** Exercise data follows **
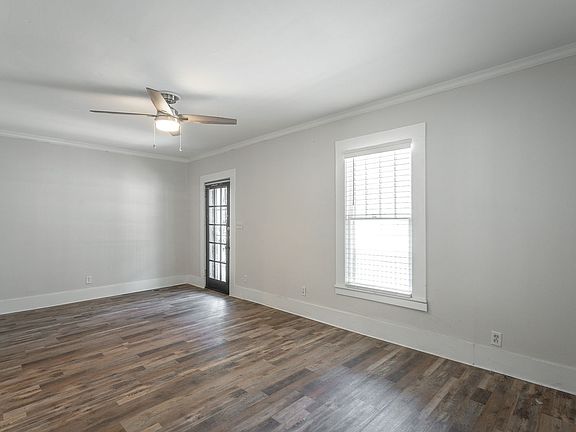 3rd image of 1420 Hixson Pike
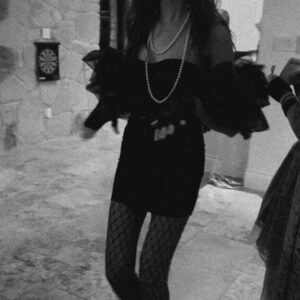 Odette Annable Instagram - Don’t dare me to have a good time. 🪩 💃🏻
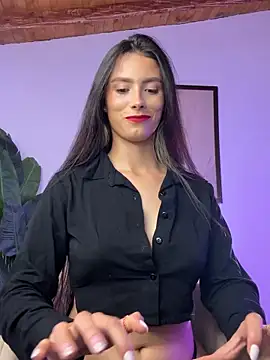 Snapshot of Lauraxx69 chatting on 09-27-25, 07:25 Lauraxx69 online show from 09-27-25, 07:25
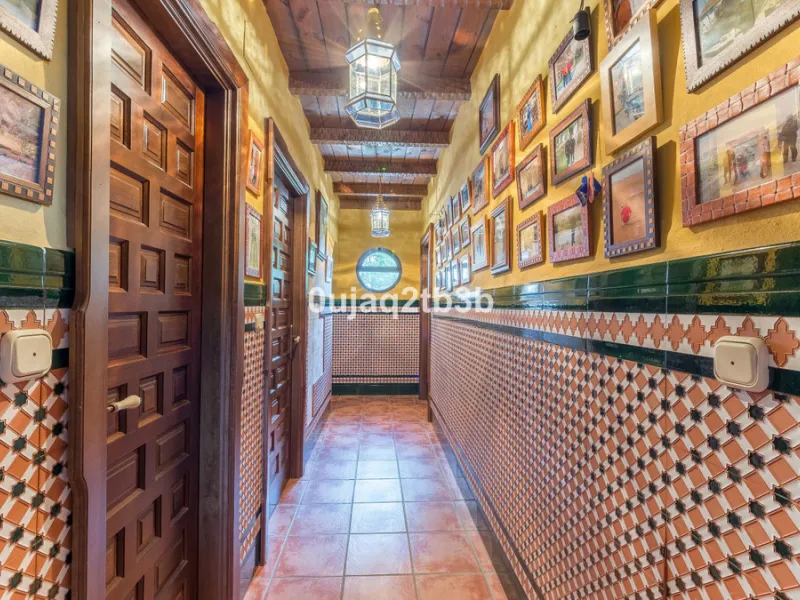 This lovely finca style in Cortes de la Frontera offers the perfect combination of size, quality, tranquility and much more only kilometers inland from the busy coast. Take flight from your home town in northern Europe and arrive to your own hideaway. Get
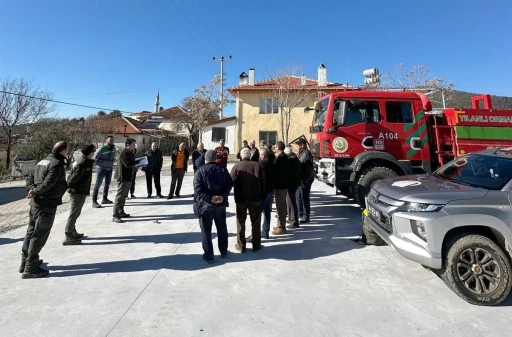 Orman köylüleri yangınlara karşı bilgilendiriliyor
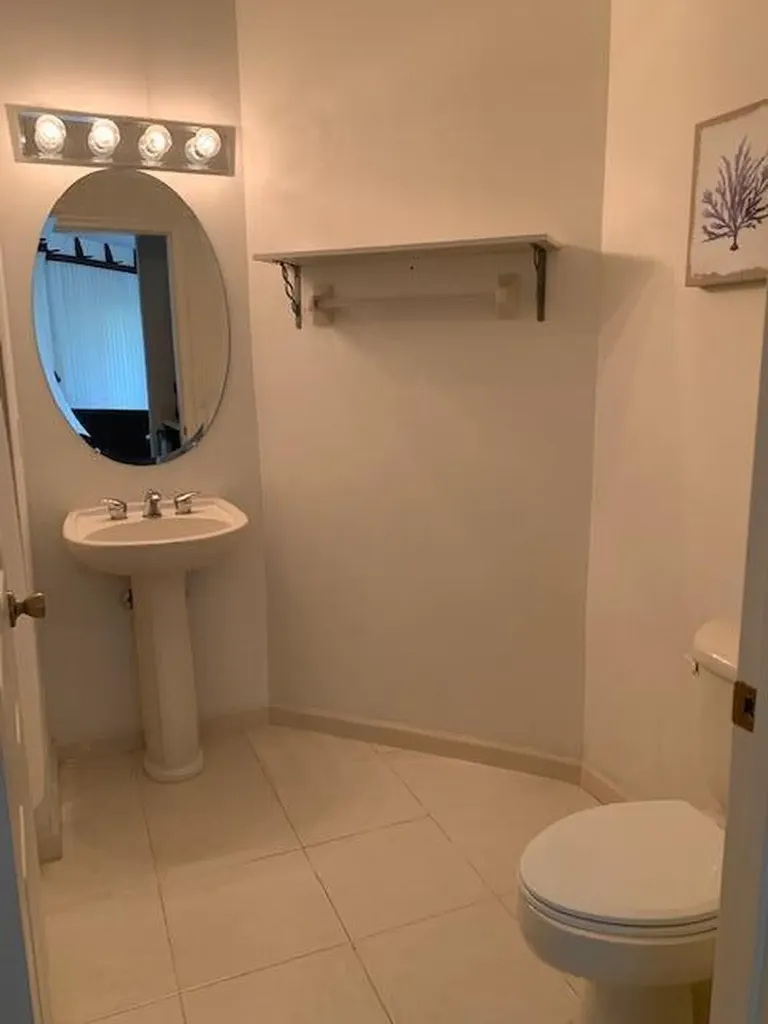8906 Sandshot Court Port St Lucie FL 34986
** End of Exercise data **
▶ [Directions for this task] From the opening line of the entries above to the line containing "Snapshot of Lauraxx69", please transcribe each line exactly, skipping every picture.

▶ [Answer section]
 3rd image of 1420 Hixson Pike
 Odette Annable Instagram - Don’t dare me to have a good time. 🪩 💃🏻
 Snapshot of Lauraxx69 chatting on 09-27-25, 07:25 Lauraxx69 online show from 09-27-25, 07:25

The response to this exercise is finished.